Extracted data entries:
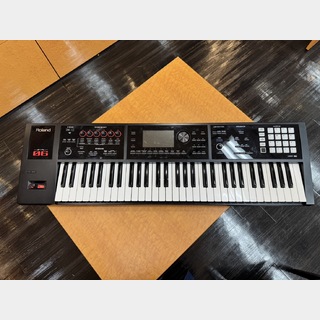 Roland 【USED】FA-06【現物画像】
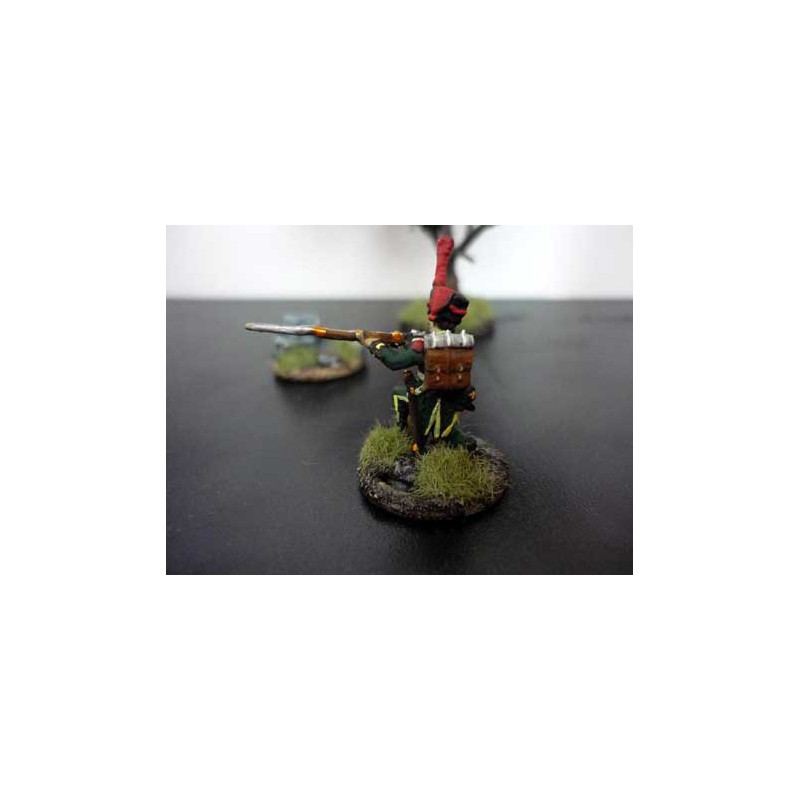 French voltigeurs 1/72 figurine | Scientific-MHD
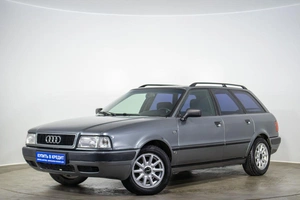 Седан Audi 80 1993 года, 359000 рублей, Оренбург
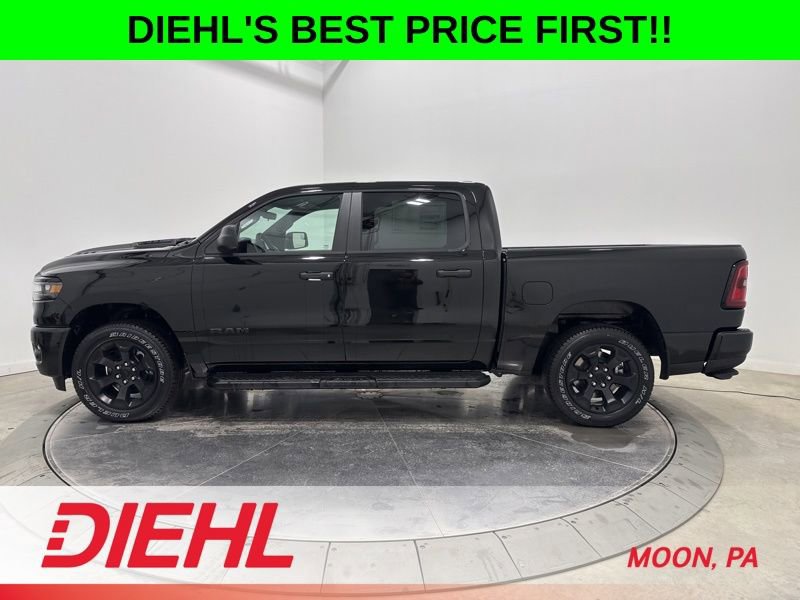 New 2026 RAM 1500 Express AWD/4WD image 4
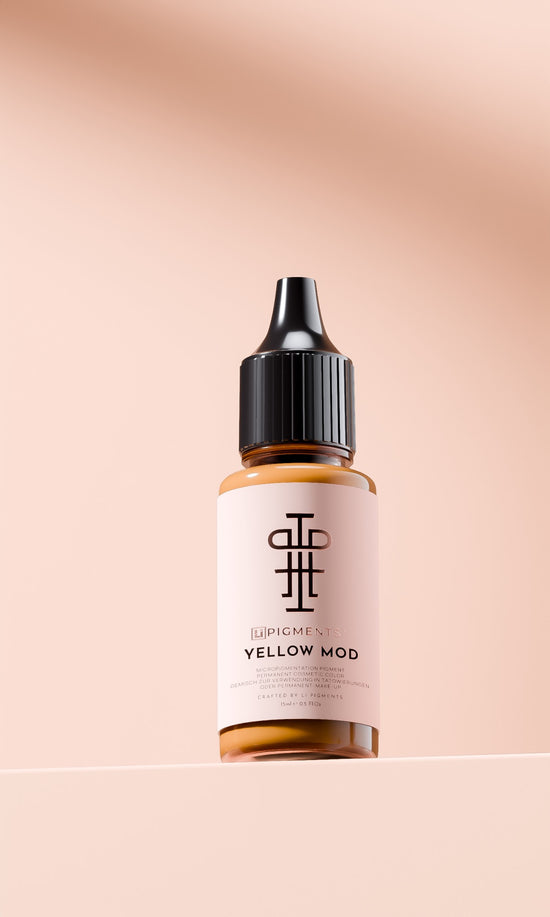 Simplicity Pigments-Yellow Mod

■ Work item
Transcribe each of the records above precisely, with no pictures in the copy.

■ Exercise solution
 Roland 【USED】FA-06【現物画像】
 French voltigeurs 1/72 figurine | Scientific-MHD
 Седан Audi 80 1993 года, 359000 рублей, Оренбург
 New 2026 RAM 1500 Express AWD/4WD image 4
 Simplicity Pigments-Yellow Mod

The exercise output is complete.